Furthermore, we can mobilize our defensive filtration processes within the mere instant that something present in our experience evokes that acute sense of vulnerability that is shame’s hallmark. Our Self-construct itself is particularly adapted to assembling and bringing to the forefront of consciousness whatever aspects of our ideal Self best meet and neutralize shame’s particular assault. There is a traditional clinical term that specifically describes the quality of those fleeting moments of negative self-recognition that trigger nearly instantaneous removal from our awareness: “Ego-dystonic,” that is, intolerable to the Self. For instance, wherever we note certain familiar qualities of “conceit” or grandiosity in the personality and behavior of any individual, we can safely surmise that they represent that person’s primary living defense against that which is most Ego-dystonic to them; lurking beneath it is the dark specter of shame.
What Is Narcissism?
Within the continuous cycle of shame’s reemergence and its suppression, we observe the key driver of the idealization process in the evolution of our Self-concept: Shame itself exercises unique power over the quality and shape of our living sense of Self by compelling us to summon the defense of pride – the very antithesis of shame, and its (temporary) antidote. Pride can be understood as the enhanced, uplifted feeling state associated to any situation in which our Self-ideal is affirmed, in which our positive attributes are primarily manifest and/or recognized by ourselves and others.

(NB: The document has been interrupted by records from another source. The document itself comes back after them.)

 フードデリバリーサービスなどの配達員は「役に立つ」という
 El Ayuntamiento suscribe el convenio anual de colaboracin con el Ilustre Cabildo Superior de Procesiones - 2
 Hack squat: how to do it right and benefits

Thereby, those characteristics and experiences that evoke the feeling of pride within us serve as the “brick and mortar” with which we construct and sustain a generally idealized Self-narrative. It is pride’s energy that directs the curating of this Self-concept, producing an idealized model of our identity. The quality and the intensity of our relationship to that idealized version of our Self – the pride-infused dimension of our identity – is the essence of what has been traditionally termed, “narcissism.” In other words, our narcissism is our relationship to that curated part of Self consisting primarily of those of our characteristics that we (and others) find most admirable, attractive and/or lovable. Our narcissism is therefore the natural concomitant of our shame – the natural counterbalance to whatever haunting, persistent feelings of defect or deficiency may linger within us.
What Is Neurosis?
A hugely consequential dilemma – central and omnipresent in the psychology of human experience – occurs within the emotional polarities between shame and pride; it revolves specifically around the idealized Self that arises from it. At its root is the fact that the construct which is our Self-ideal is, by its very definition, constantly vulnerable to its own inevitable failure. The repudiation that the Self-ideal experiences when juxtaposed to our natural human complexity and fallibility creates a recurring cycle of emotional inflation (pride/grandiosity), followed by subsequent deflation (closely akin to shame itself, and which has sometimes been termed, “narcissistic injury”).

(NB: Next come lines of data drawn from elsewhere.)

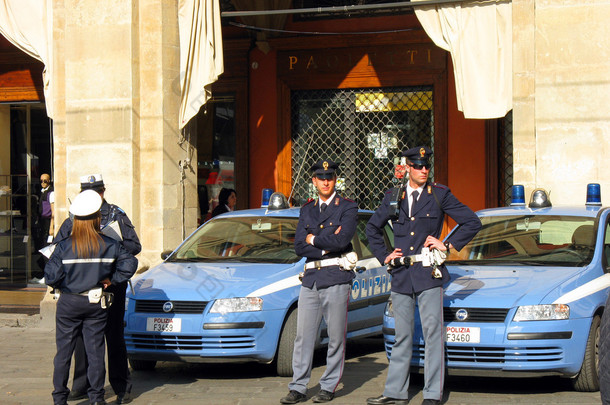 意大利警车和警察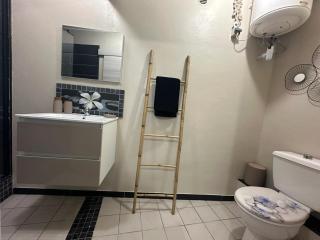 Studio accueillant aux Trois-Îlets, 30 m², piscine partagée - 4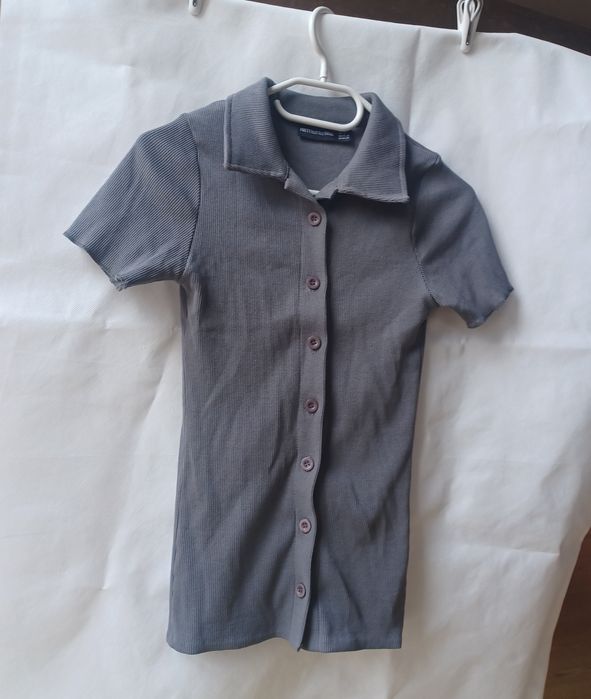 Pretty Little Thing śliczna koszulka bluzka szara guziki prążki XS S M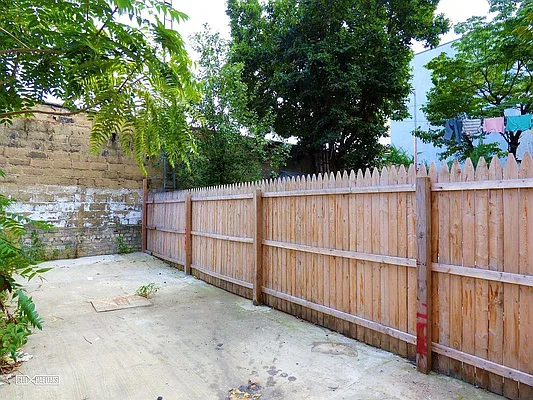 Rented by Citi Habitats | media 37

In the conduct of our lives we operate as full human beings, replete with our flaws, our shortcomings and our natural capacity for failures small and large. To the degree that our living identity is merged to an ideal model of ourselves, that sense of Self – constantly confronted with our flawed human reality present in all life situations – is likely to suffer some degree of continual, jarring deflation. Thereby, the Self becomes trapped within an internal emotional continuum of recurring shame and anxiety.

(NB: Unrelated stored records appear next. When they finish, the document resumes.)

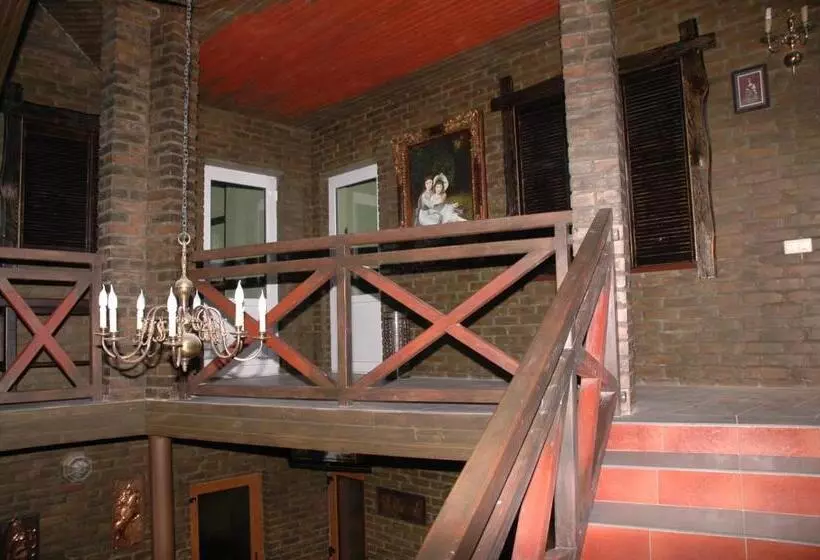 Motelli гостинний двір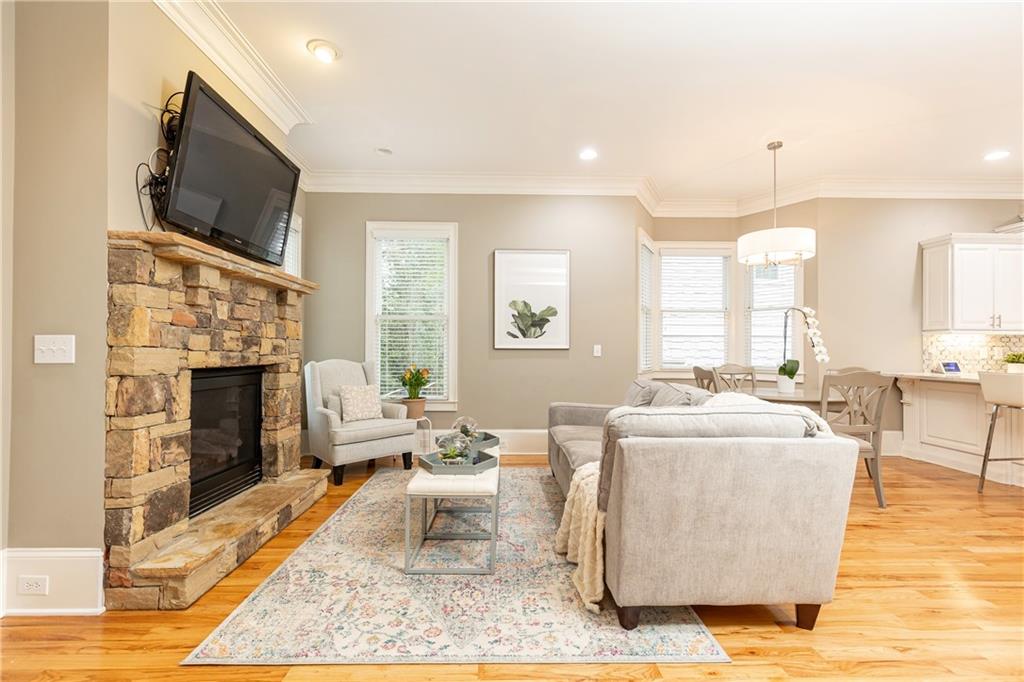 120 Windsor Cove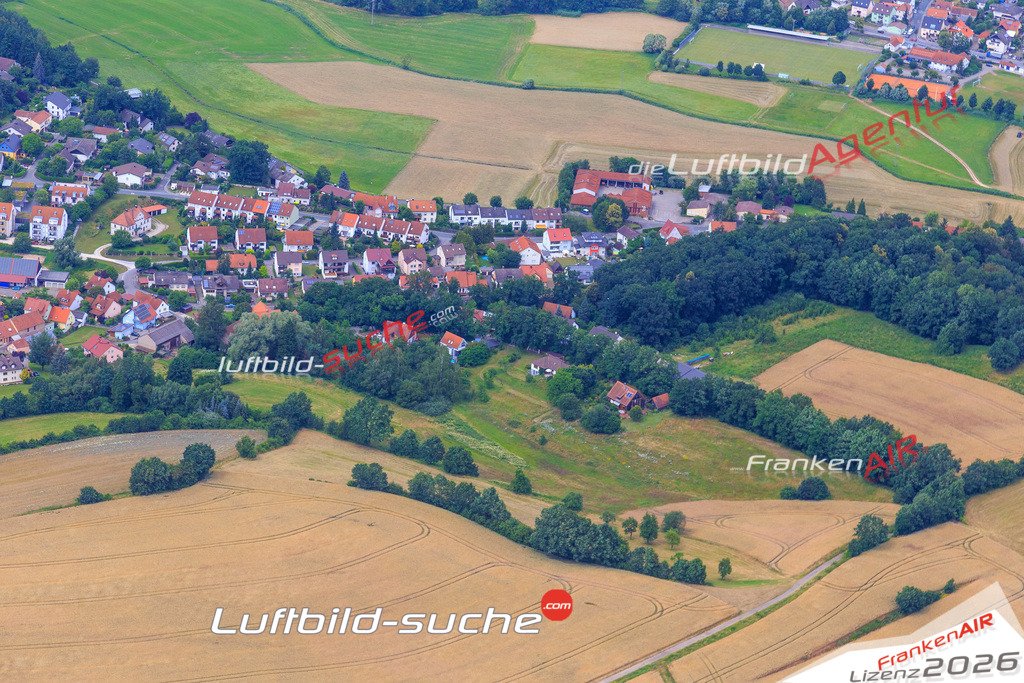 Die Luftaufnahme Dellern - Stegaurach wurde vom UL-Flugzeug (keine Drohne) aus fotografiert.Hohe Druck- Auflösung-die Geschenkidee!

Moreover, any present situation in which the failure of the Self-ideal is manifest, as well as any circumstance in which its failure can be anticipated, will sound our internal alarm system, which is anxiety. The psyche’s natural inclination is to avoid such a painful rejection of any aspect of its held concept; thereby, it compels us to continually map and select present and future life situations according to their potential to threaten our essentially fragile construct which is the Self-ideal. Depending on how closely individuals’ lived identity must conform to the Self-ideal, their navigation through life’s landscape will be unconsciously directed toward situations most likely to affirm their positive attributes and entitlements, and conversely, direct them away from those that are likely to find them falling short of what is, fundamentally, an untenable standard for themselves.
At its extreme, the consequence of this essentially universal dilemma is that an entire life’s primary mission may be to sustain and seek affirmation of the characteristics of the Self-ideal; to defend it against any and all possible repudiations. To the degree that any person’s living sense of themselves is trapped within its own curated, idealized version and its rigid dictates, that individual’s tolerance for participation in spontaneous, unpredictable life situations – particularly, for a diversity of potentially gratifying relationships and social interactions – will be increasingly narrower and more constrained: Their life experience in general is likely to become ever more proscribed and limited. This common, potentially chronic and life-defining human dilemma is the essence of the human condition that can be properly understood as “neurosis.”
Our Worldview
From its inception the structure of our Self’s story evolves within an even broader framework, which can be described as our “worldview.” It is the overall vantage point from which we locate our Self and its story within the larger scheme of life around us. The perspectives of our worldview are primarily extracted from, and shaped by, the expressed and unexpressed feelings, the attitudes, and the behaviors that we witness and absorb in our earliest relationships – primarily those within our original family. As participants in our original family culture we continually observe and record how the adults closest to us interact with and conduct themselves in the external world.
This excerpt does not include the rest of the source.